Neural networks as approximators
Before we begin
A neural network is a flexible function approximator: layers of nonlinear transforms map raw observations to values or policy logits. Deep Q-Networks use a net to output Q(s, ·) for all discrete actions; policy gradients output action probabilities or continuous means.
The update logic from linear FA carries over — but capacity, nonlinearity, and training dynamics change everything.
What you will learn
- Map linear FA notation to Q(s, a; θ) with network weights θ.
- Architect DQN-style heads (shared trunk, per-action Q or single Q with action input).
- Write loss for Q-fitting as supervised regression on TD targets.
- Choose activations, output layers, and input preprocessing for RL.
- Connect to PyTorch training loop patterns.
From w to θ
Linear: Q̂(s,a) = w_aᵀ φ(s)
Neural: Q̂(s,a) = f_θ(s, a) where f is MLP or CNN.
Shared trunk h = CNN(obs); Q_a = head_a(h) — efficient for Atari (many actions, one image).
import torch
import torch.nn as nn
class QNet(nn.Module):
def __init__(self, obs_dim, n_actions, hidden=128):
super().__init__()
self.net = nn.Sequential(
nn.Linear(obs_dim, hidden),
nn.ReLU(),
nn.Linear(hidden, hidden),
nn.ReLU(),
nn.Linear(hidden, n_actions),
)
def forward(self, obs):
return self.net(obs) # shape (batch, n_actions)TD target as regression label
For transition (s, a, r, s′):
y = r + γ max_a′ Q̂(s′, a′; θ⁻)
Loss on (s, a): L = (y − Q̂(s, a; θ))²
θ⁻ is target network (frozen copy) in DQN — reduces moving-target instability.
def q_learning_loss(q_net, target_net, batch, gamma):
obs, actions, rewards, next_obs, terminated = batch
q_sa = q_net(obs).gather(1, actions.unsqueeze(1)).squeeze(1)
with torch.no_grad():
q_next = target_net(next_obs).max(dim=1).values
q_next = q_next * (~terminated).float()
target = rewards + gamma * q_next
return ((target - q_sa) ** 2).mean()Architecture choices
| Problem | Typical arch |
|---|---|
| Low-dim vector (CartPole) | 2–3 layer MLP |
| Images | CNN (Nature DQN stack) |
| Continuous actions | Separate actor (policy) net — Module 5+ |
| Output | Activation |
|---|---|
| Q-values | None (unbounded) |
| Policy probs | Softmax |
| Continuous mean | Tanh × scale |
Preprocessing
- Normalize observations (running mean/std).
- Frame stack for velocity (Atari).
- Reward clipping sometimes stabilizes (-1, 0, +1) — changes problem definition.
- Float32 tensors on GPU for throughput.
Training loop sketch
- Collect transition with ε-greedy Q-net.
- Store in replay buffer.
- Sample mini-batch.
- Compute loss,
loss.backward(), optimizer step. - Periodically θ⁻ ← θ.
Checkpoint: Why not use θ as both predictor and target every step?
Answer
Moving target — network chases its own shifting predictions → oscillation/divergence.
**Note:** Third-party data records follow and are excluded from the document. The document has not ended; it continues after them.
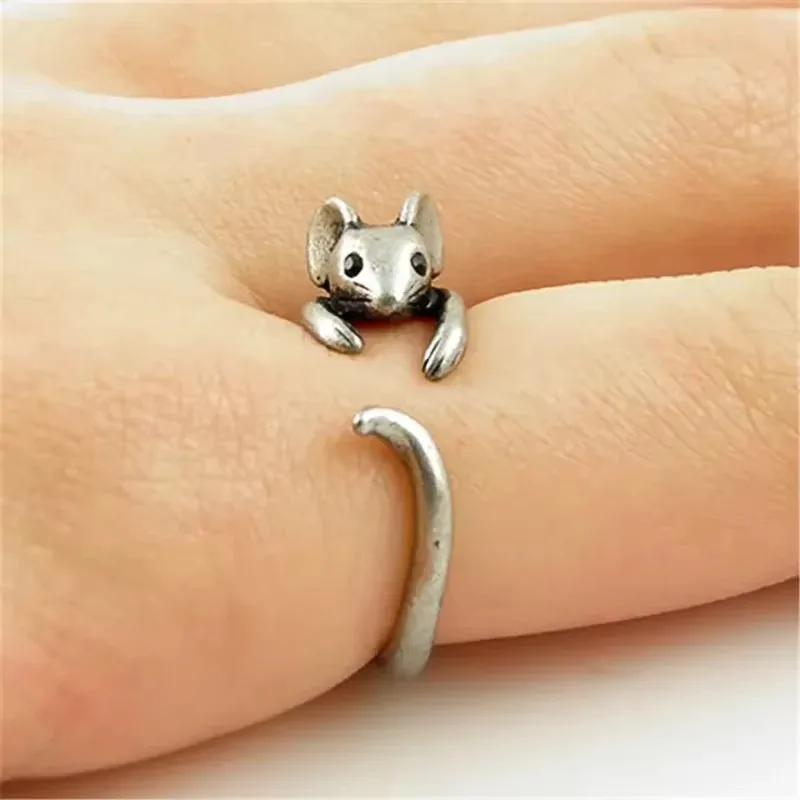 Cute Mouse Shape Open Ring for Women Antique Color Modern Fashion Girls Finger Accessories Hip Hop Party Jewelry resizable
Cute Mouse Shape Open Ring for Women Antique Color Modern Fashion Girls Finger Accessories Hip Hop Party Jewelry resizable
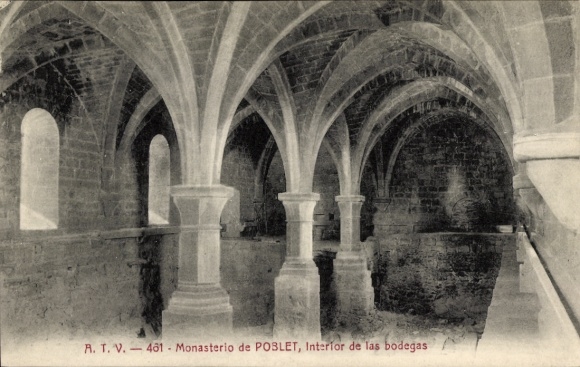KP Poblet Tarragona Katalonia, Monasterio de Widok z wnętrza piwnic z winami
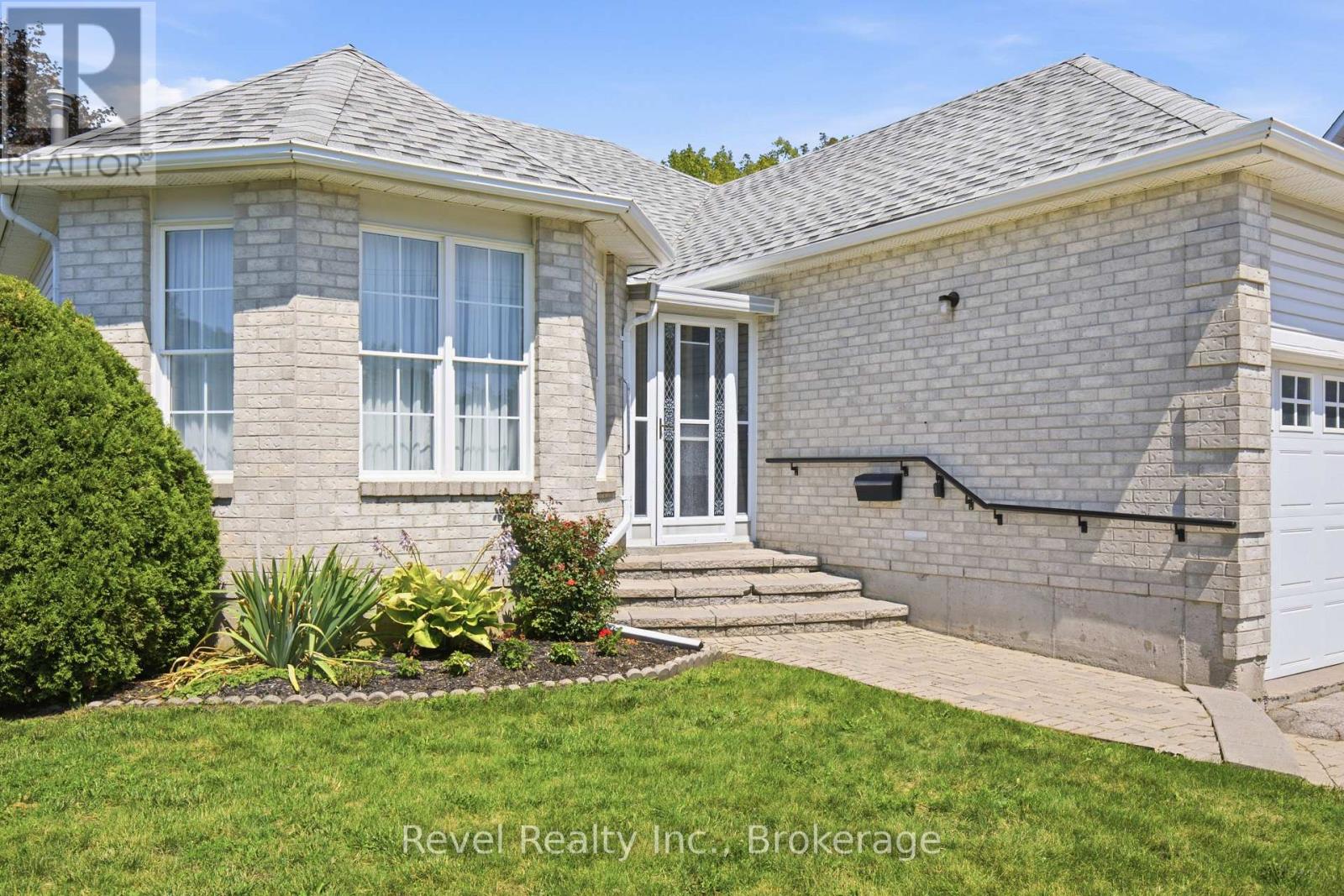 164 Elgin Street, Kawartha Lakes (Lindsay), Ontario  K9V 6B3 - Photo 3 - X13694726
Target net slows target movement (Module 4).
Capacity trade-offs
| Too small | Too large |
|---|---|
| Underfitting, poor Q | Overfitting recent data, slow train |
| Fast | Needs more data, regularization |
Start small on CartPole; scale CNN for pixels.
Common mistakes
- Wrong
gatherindex shape in PyTorch Q loss. - Not zeroing
optimizer.zero_grad()— gradient accumulation bugs. - Training on correlated consecutive frames without replay.
- Applying softmax to Q-values (distorts ranking).
Neural approximators power modern deep RL. They also combine with off-policy bootstrapping to form the deadly triad — why training can diverge without replay, target nets, and careful tuning.